Con l’inizio della coltivazione “intensiva” (per quanto possibile date le ripide colline e montagne) dell’olivo, presumibilmente a partire dal 1300, il piccolo borgo inizio a crescere, diventando un centro nevralgico per la produzione e vendita dell’olio di oliva taggiasca.
Non abbiamo notizie storiche sulla Valle del Maro anteriori all’arrivo dei conti di Ventimiglia. Il primo documento che ci tramanda i nomi di alcuni paesi del Maro risale al 20 maggio 1150: il Vescovo di Albenga Odoardo concede a Filippo e a Raimondo, conti di Ventimiglia, figli di Oberto sconfitto in Ventimiglia dai Genovesi nel 1140, la riscossione delle decime ecclesiastiche sui paesi del Maro, Aurigo, Conio, Lucinasco, Caravonica, Larzeno (odierna Arzeno), Prelà, Cenova e Lavina.

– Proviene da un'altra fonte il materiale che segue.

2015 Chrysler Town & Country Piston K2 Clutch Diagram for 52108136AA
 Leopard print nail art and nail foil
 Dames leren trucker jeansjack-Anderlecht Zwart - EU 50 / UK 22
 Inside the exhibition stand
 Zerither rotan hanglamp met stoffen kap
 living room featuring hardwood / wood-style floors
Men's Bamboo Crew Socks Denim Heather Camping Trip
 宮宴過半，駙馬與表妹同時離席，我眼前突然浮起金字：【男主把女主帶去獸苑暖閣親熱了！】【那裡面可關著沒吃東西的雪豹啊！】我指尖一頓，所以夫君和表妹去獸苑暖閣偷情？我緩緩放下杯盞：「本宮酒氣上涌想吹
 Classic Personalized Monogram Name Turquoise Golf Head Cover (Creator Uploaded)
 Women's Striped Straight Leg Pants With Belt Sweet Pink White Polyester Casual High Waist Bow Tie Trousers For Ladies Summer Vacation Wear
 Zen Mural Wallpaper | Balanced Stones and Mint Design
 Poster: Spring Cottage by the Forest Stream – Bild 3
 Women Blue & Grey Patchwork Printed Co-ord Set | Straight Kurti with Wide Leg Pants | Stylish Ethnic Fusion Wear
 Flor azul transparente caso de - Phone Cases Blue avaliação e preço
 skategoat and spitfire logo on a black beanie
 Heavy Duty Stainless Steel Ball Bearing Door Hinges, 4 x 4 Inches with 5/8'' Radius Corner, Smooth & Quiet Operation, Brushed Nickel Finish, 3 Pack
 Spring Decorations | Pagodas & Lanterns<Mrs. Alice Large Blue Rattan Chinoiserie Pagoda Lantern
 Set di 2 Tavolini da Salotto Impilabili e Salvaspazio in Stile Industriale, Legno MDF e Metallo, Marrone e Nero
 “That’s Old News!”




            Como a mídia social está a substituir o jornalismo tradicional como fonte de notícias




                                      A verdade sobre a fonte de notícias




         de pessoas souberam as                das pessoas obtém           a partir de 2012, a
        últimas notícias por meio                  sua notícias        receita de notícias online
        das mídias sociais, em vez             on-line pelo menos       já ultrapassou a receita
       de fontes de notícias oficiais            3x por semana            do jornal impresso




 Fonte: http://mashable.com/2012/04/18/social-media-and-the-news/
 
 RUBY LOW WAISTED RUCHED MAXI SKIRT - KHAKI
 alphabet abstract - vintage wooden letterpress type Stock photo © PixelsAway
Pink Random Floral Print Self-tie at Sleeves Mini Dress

Ogni parrocchia versava al vescovo infatti decime in natura sui prodotti coltivati: grano, avena, orzo, forse fichi, vino e olio.
Nell’abitato di Maro Castello è ancora visibile parte dell’edificio fortificato, eretto nel XI secolo, forse dallo stesso Oberto conte di Ventimiglia, rifugiatosi nel Maro dopo la sconfitta.
Le uniche costruzione probabilmente coeve del Castello del Maro sono il frantoio dietro la chiesa, detto “u gumbu grossu”, che era della famiglia Amey, il mulino a grano vicino al lavatoio e il palazzo degli Amey, feudatari di Borgomaro.
I due opifici erano serviti dalla “bea” che parte dalla località “mainetta”, passa sotto diverse case, e affiora dal lavatoio.
Col crescere di produzione e commerci, i Ventimiglia e gli Amey concessero la formazione del paese per chi vi lavorava negli opifici. Iniziò quindi un’opera di urbanizzazione strutturata del terreno, come ancora testimonia una rete sotterranea di scolo delle acque che attraversa l’intero paese.